▸ **WHAT THE EXERCISE ASKS**
Please reproduce the entries exactly, skipping each picture.

+++ STORED DATA

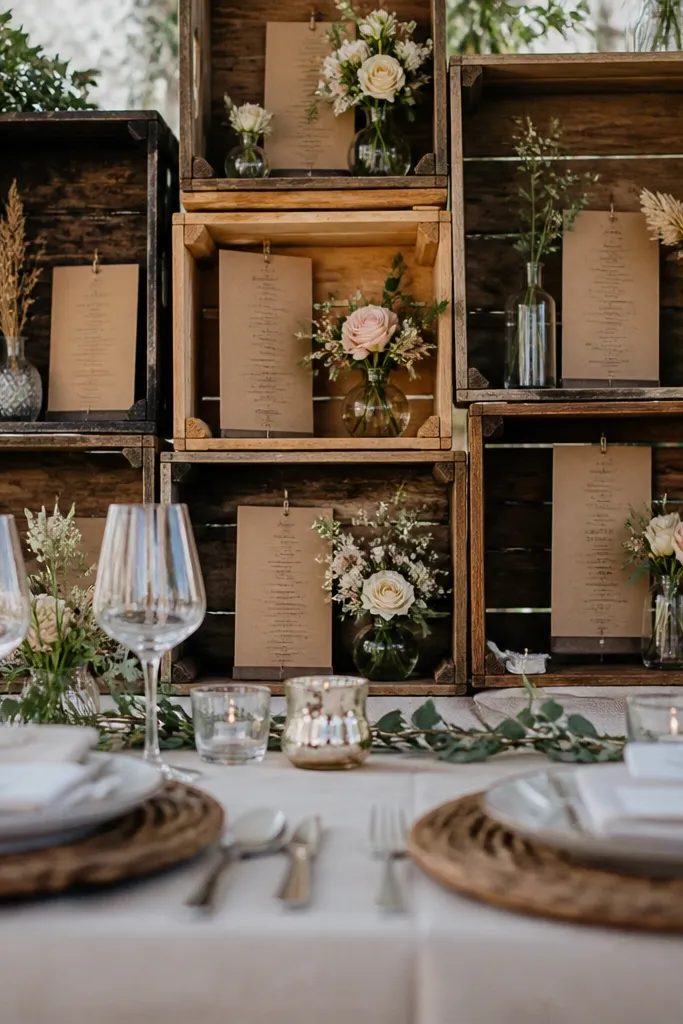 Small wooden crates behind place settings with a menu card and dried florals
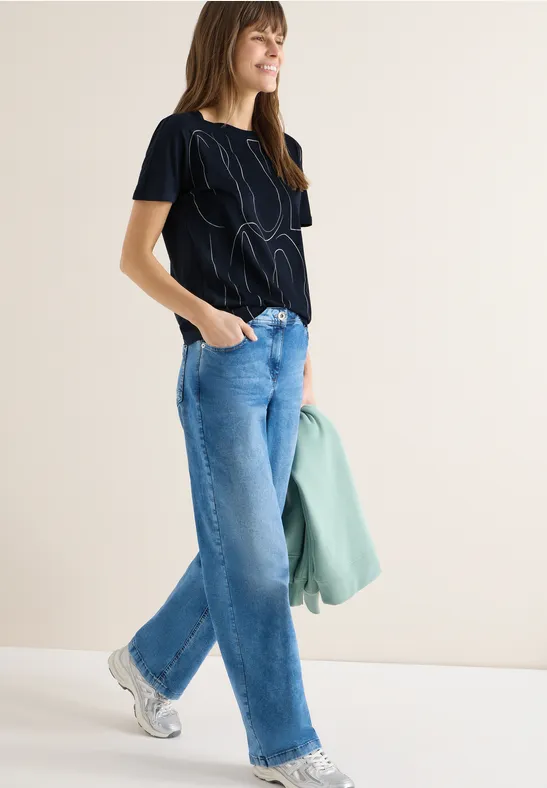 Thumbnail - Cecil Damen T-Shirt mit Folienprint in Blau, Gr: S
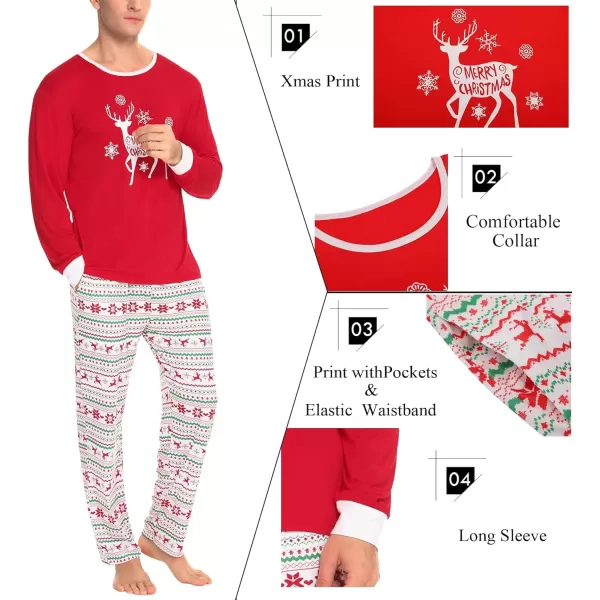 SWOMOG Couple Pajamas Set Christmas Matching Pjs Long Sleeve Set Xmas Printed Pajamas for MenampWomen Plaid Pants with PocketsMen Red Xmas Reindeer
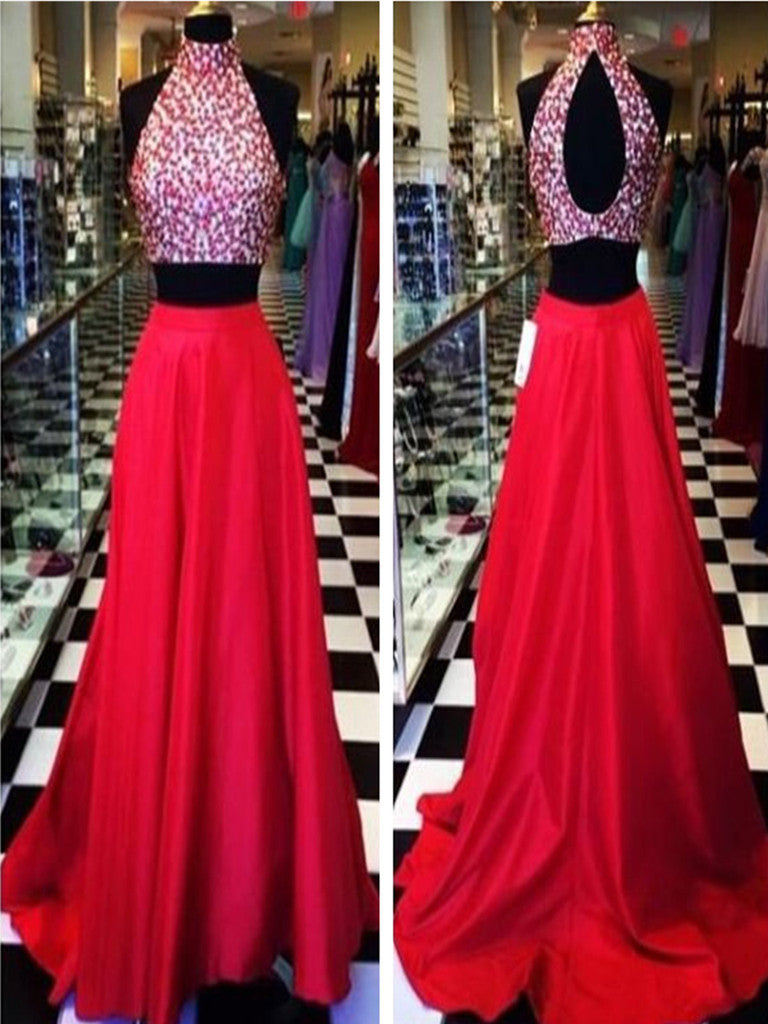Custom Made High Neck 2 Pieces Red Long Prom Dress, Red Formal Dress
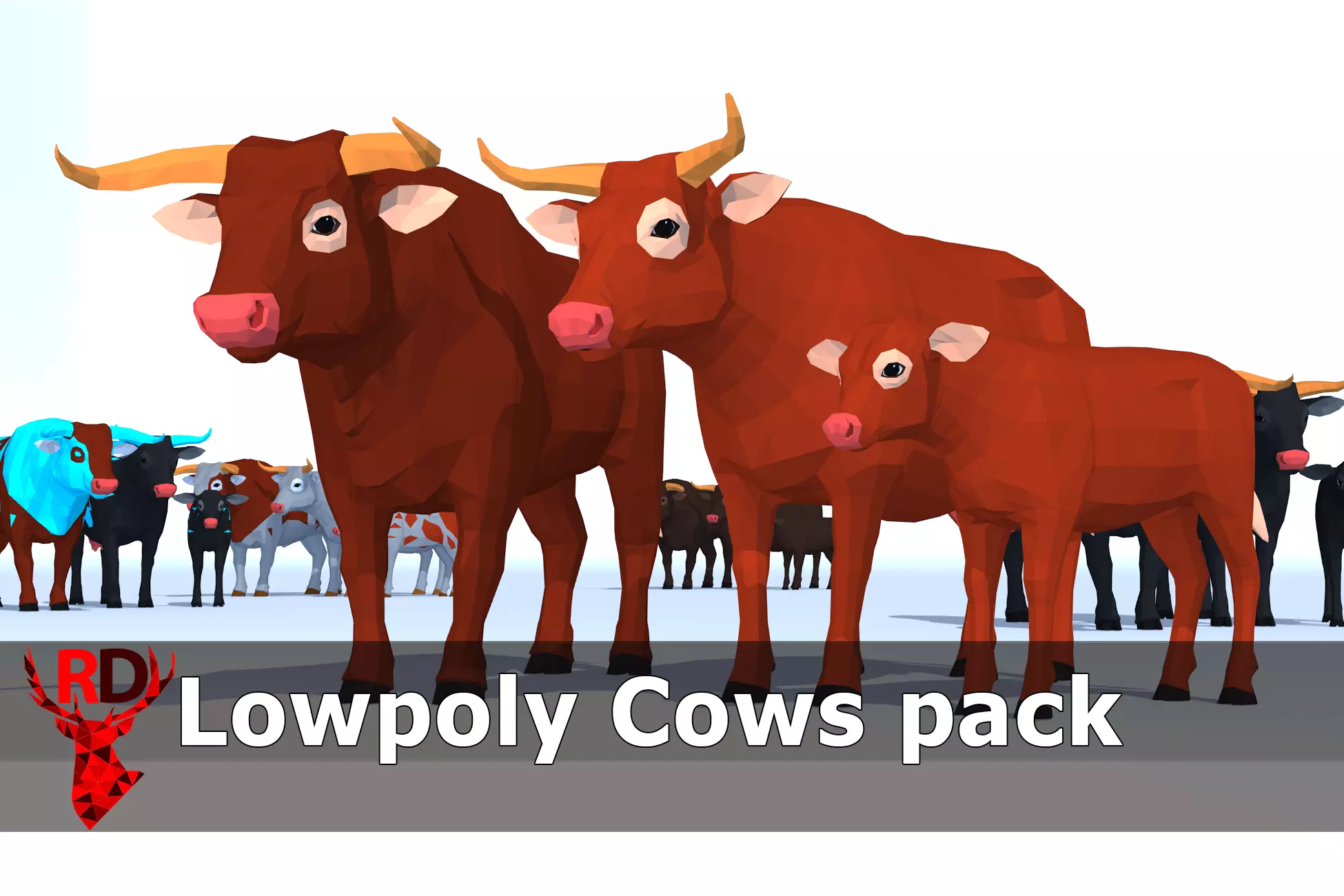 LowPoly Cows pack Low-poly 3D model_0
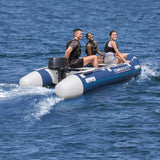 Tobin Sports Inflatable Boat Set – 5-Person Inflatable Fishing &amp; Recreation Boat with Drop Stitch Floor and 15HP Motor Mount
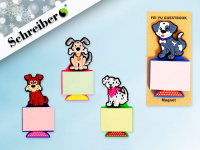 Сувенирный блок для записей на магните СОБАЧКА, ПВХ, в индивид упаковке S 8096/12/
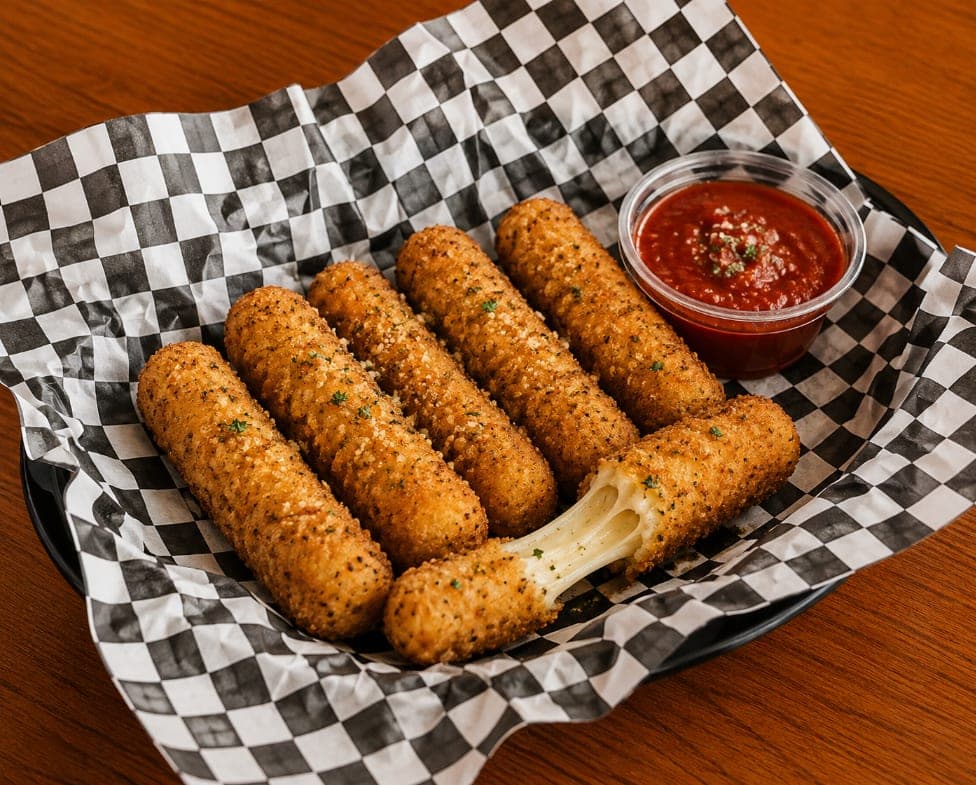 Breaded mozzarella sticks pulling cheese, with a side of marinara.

++++++

▸ **EXERCISE RESULT**
 Small wooden crates behind place settings with a menu card and dried florals
 Thumbnail - Cecil Damen T-Shirt mit Folienprint in Blau, Gr: S
 SWOMOG Couple Pajamas Set Christmas Matching Pjs Long Sleeve Set Xmas Printed Pajamas for MenampWomen Plaid Pants with PocketsMen Red Xmas Reindeer
Custom Made High Neck 2 Pieces Red Long Prom Dress, Red Formal Dress
 LowPoly Cows pack Low-poly 3D model_0
 Tobin Sports Inflatable Boat Set – 5-Person Inflatable Fishing &amp; Recreation Boat with Drop Stitch Floor and 15HP Motor Mount
 Сувенирный блок для записей на магните СОБАЧКА, ПВХ, в индивид упаковке S 8096/12/
 Breaded mozzarella sticks pulling cheese, with a side of marinara.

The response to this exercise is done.